Diz o Ministério Público que a Andrade Gutierrez
fez da corrupção um modelo de negócio. Acho, sinceramente, um exagero retórico.
Não creio que se construa a segunda empreiteira do país, uma das grandes do
mundo, tendo a falcatrua como meta e horizonte, o que não impede, obviamente —
e a Lava Jato está aí, com uma porção de descalabros revelados —, que se apele
a esse expediente. Quando um único ex-funcionário da Petrobras, do escalão
intermediário, aceita devolver US$ 97 milhões, a gente tem uma medida de como
andavam as coisas.
Os meus leitores sabem que não compro a tese do
cartel de empreiteiras — o que leva alguns oportunistas a inferir que eu esteja
negando os crimes cometidos pelas empresas. Quem lê o que está escrito, não o
que gostaria que eu escrevesse para endossar a sua crítica pilantra, sabe que
não é isso. Aliás, Vaccari parece ser um bom exemplo. Ele visitou a Andrade
Gutierrez 57 vezes, não o tal “clube das empreiteiras”. Há uma penca de
evidências de que o direcionamento das obras tinha origem na Petrobras, que
estava subordinada a um controle político, do qual, agora sim, Vaccari fazia
parte porque, afinal, era e é uma das autoridades do partido do poder.

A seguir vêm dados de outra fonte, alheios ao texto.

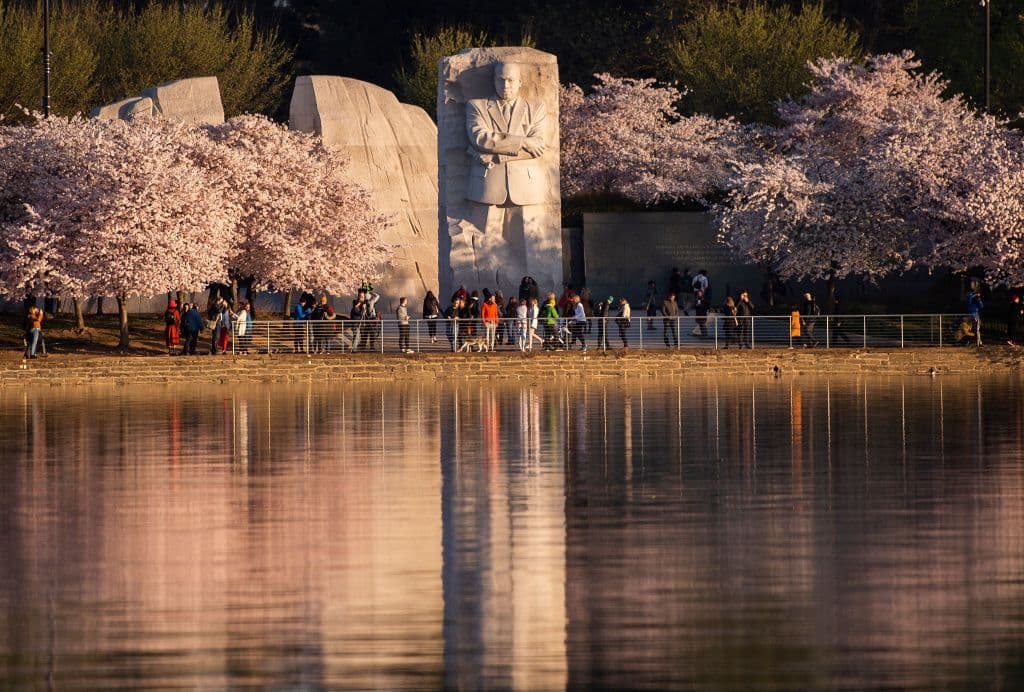 De acuerdo con el 
<b>Servicio de Parques Nacionales, la fecha de pico de floración se define como el día en que el 70% de las flores del cerezo Yoshino ( Prunus x yedoensis )</b> están abiertas, la cual varía anualmente dependiendo de las condiciones climáticas. El momento más probable para alcanzar el pico de floración es entre la última semana de marzo y la primera semana de abril.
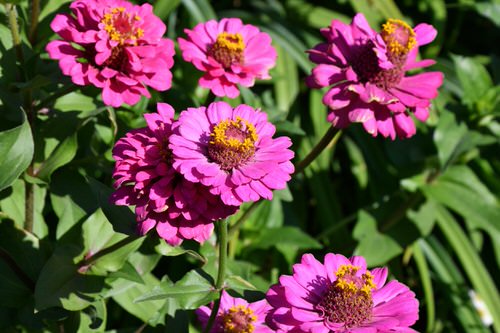 Perennial Flowers for Kentucky 3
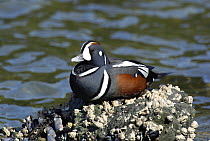 Drake Harlequin Duck (Histrionicus histrionicus) roosting at high tide on rocks. Lynn Canal. Juneau. Alaska. USA. May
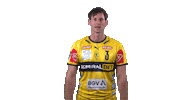 Handball-Bundesliga Fan Sticker by LIQUI MOLY HBL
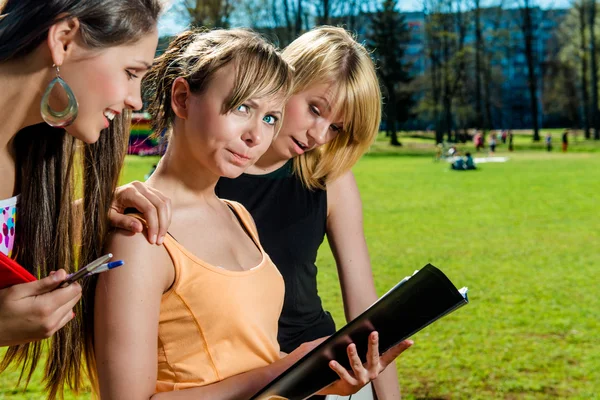 Grupo de estudiantes que estudian al aire libre — Foto de Stock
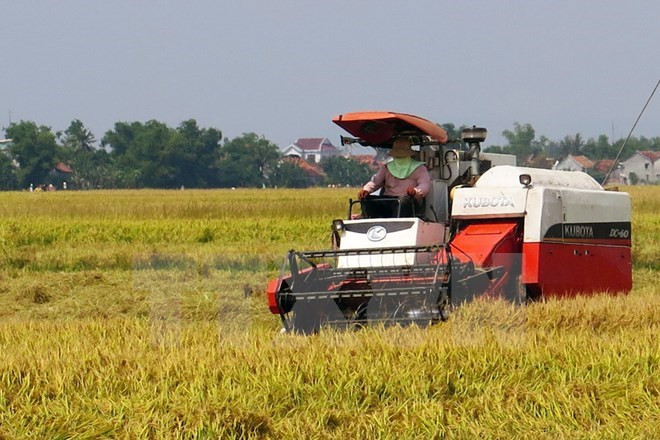 Développement de la chaîne de valeur agricole de la sub-région du Mékong ảnh 1 Développement de la chaîne de valeur agricole de la sub-région du Mékong ảnh 1
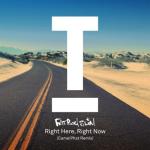 album image Right Here Right Now (Khrym58 2021 Edit) Right Here Right Now (CamelPhat Remix) - Single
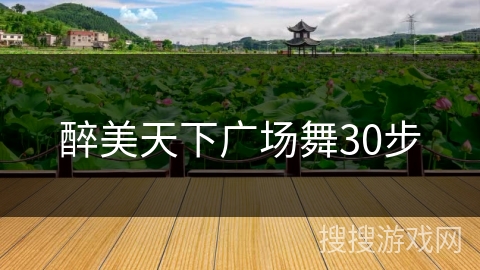 醉美天下广场舞30步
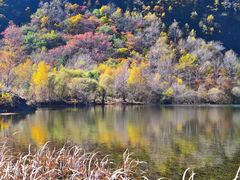 -叠溪松坪沟景区
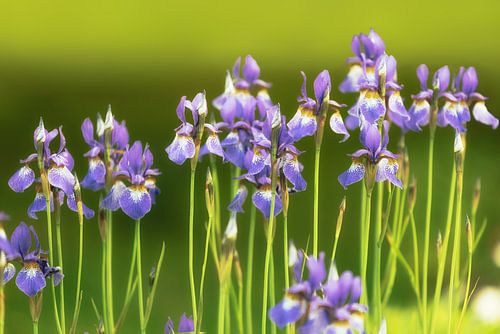 Les Fleurs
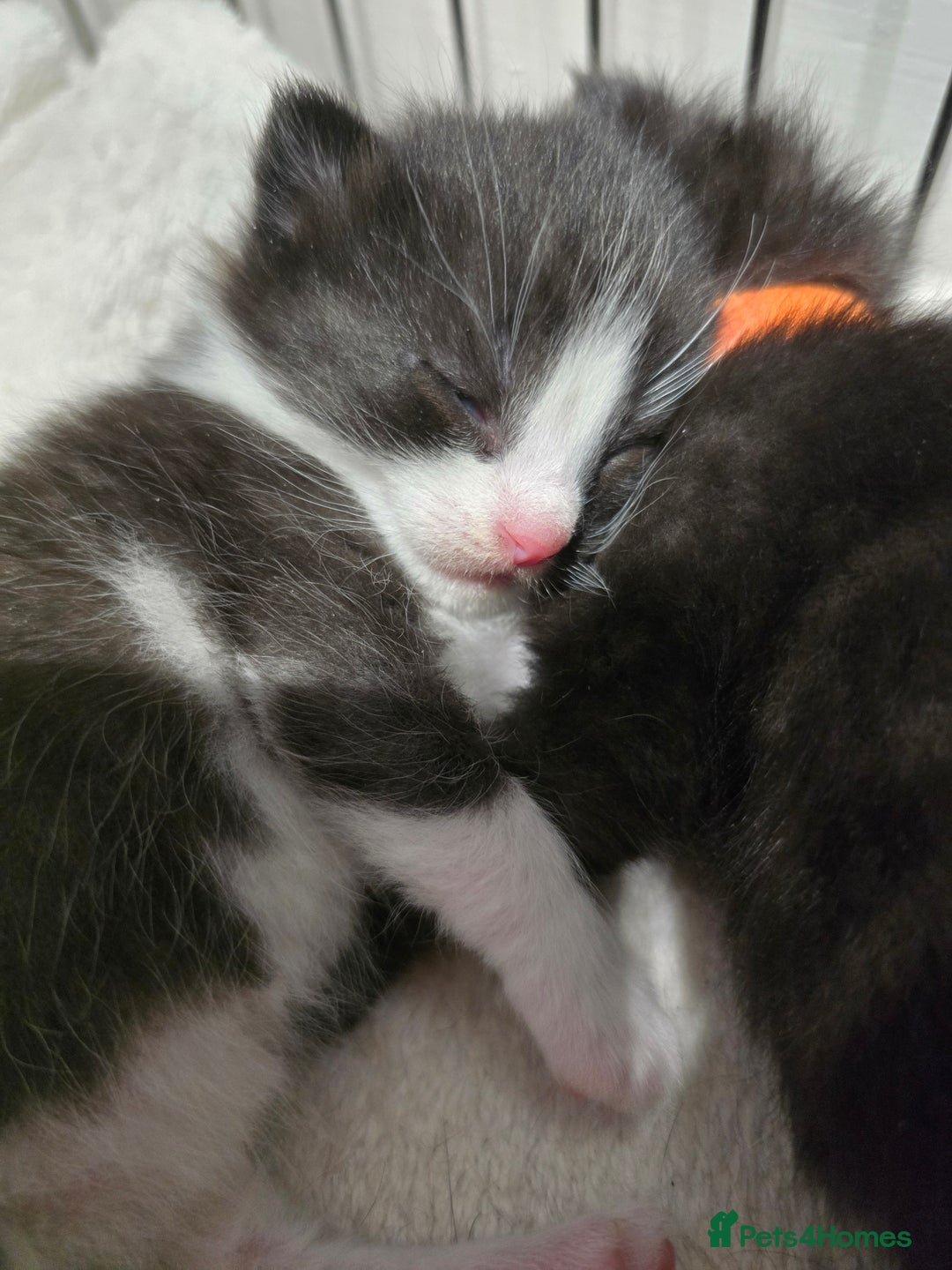 Domestic Shorthair cats for sale: 3 Adorable Kittens - Image 8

Quando nego a tese do cartel, aponto, de fato, algo
bem mais grave do que isso. Eu realmente não acredito que uma empresa do porte
da Andrade Gutierrez faça do roubo um modelo de negócio, mas acredito, sim, que
associada a um poder delinquente — falo em tese — possa delinquir como forma de
realizar ao menos parte dos seus negócios. Não que se organize com esse fim —
porque aí o Ministério Público teria de afirmar que a própria empresa é uma
quadrilha, o que parece difícil de provar —, mas é evidente que pode cometer
crimes para obter um determinado fim. E isso vale para todas as outras
empreiteiras.
Peço que o leitor raciocine com calma e responda em
silêncio a algumas perguntas:
1)
quem fazia os preços das obras da Petrobras, da Eletronuclear ou de qualquer
outro ramo do estado? Eram as empreiteiras, organizadas em cartel, ou o poder
público e suas franjas?;
2)
quem detinha e detém os marcos regulatórios para definir a concorrência ou para
eliminá-la?;
3)
quem dispunha do poder discricionário de tirar do negócio as empresas que
eventualmente dissentissem das práticas dominantes?;
4)
um cartel se impõe por força do seu domínio econômico: eram as empreiteiras
ladravazes que se impunham a um estado inerme ou era o estado, tomado por
ladrões, que impunha os seus critérios?;
5) o
leitor já procurou a definição técnica do que é “cartel” para aplicar ao caso
em questão? Recomendo que o faça.
A resposta a essas perguntas não minimiza os crimes
eventualmente cometidos pelas empreiteiras; apenas os define segundo a sua
natureza, não segundo a natureza de uma tese que, por enquanto, vai absolvendo
os criminosos que realmente tinham, se me permitem a licença, o domínio do fato
político.
Se não acredito que uma empresa possa ter como
propósito e modelo de negócio o cometimento de ilícitos — a menos que seja um
tentáculo do crime organizado —, acredito, no entanto, agora sim, que uma
estrutura criminosa possa se assenhorear do poder e, então, impor seus hábitos,
suas regras, suas leis. Se não há um estado criminoso do outro lado do balcão,
ele próprio vai criar as defesas contra eventuais práticas deletérias dos
agentes privados. E puni-las exemplarmente quando houver.
Em vez de eu ouvir o Ministério Público a dizer que
uma empreiteira fez do crime o seu modelo de negócio, gostaria de ouvi-lo a
anunciar aquilo que, parece-me, evidenciam os fatos: um grupo político fez do
crime o seu modelo de conquista do estado. Aí sim! Por enquanto, os agentes
desse delito de lesa-pátria estão por aí… E essa é a minha principal
restrição à forma que tomou a Lava Jato.
Há um risco nada desprezível de que se chegue à
constatação, ao fim da operação, de que agentes privados, tomados pela sanha do
lucro a qualquer custo, corromperam um estado originalmente ético e de que esse
estado será tanto mais ético quanto menos relações mantiver com entes privados.
Se triunfar essa versão, estaremos apenas preparando as condições para os
desastres futuros.
É evidente que um liberal ou um conservador com um
mínimo de respeito à história do pensamento não pode ficar satisfeito com essa
perspectiva. Por enquanto, os que cometeram crimes contra a democracia
brasileira estão distantes da cadeia e dos tribunais. Quando é que a Operação
Lava Jato vai alcançá-los, Rodrigo Janot?"